Mophead: How Your Difference Makes a Difference
- First edition
- Author: Selina Tusitala Marsh
- Illustrator: Selina Tusitala Marsh
- Language: English
- Genre: Children's book, Biography, Graphic novel
- Publisher: Auckland University Press
- Publication date: 17 October 2019
- Publication place: New Zealand
- ISBN: 9781869408985
- Followed by: Mophead Tu: The Queen's Poem

= Mophead =

2019 graphic memoir by Selina Marsh

Mophead: How Your Difference Makes a Difference is a memoir in graphic novel form, written and illustrated by the poet and academic Selina Tusitala Marsh. It is published by Auckland University Press. On 12 November 2020 Mophead Tu: The Queen's Poem was published.

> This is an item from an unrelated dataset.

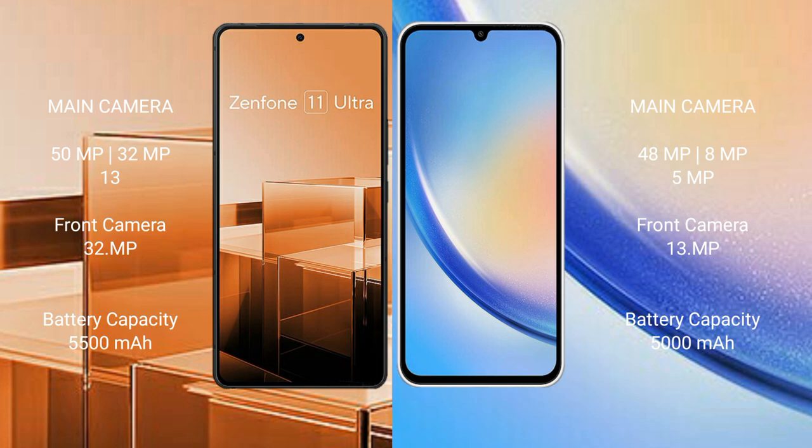Asus Zenfone 11 Ultra has a 5,500mAh battery with 65W fast charging support. Samsung Galaxy A34 has a 5,000mAh battery with 25W fast charging support.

For the 2020 Pop Up Penguin art trail in Christchurch a Mophead penguin was made by artist Lisa Rudman.

== Awards ==
In August 2020 Mophead was the supreme winner at the New Zealand Book Awards for Children and Young Adults, and also won the Margaret Mahy Book of the Year and Elsie Locke Award for Non-fiction. In October 2020 Mophead won three awards at the Publishers Association of New Zealand Book Design Awards – the Gerard Reid Award for Best Book, Best children's book and the PANZ People’s Choice Award – recognising the design skills of Vida Kelly.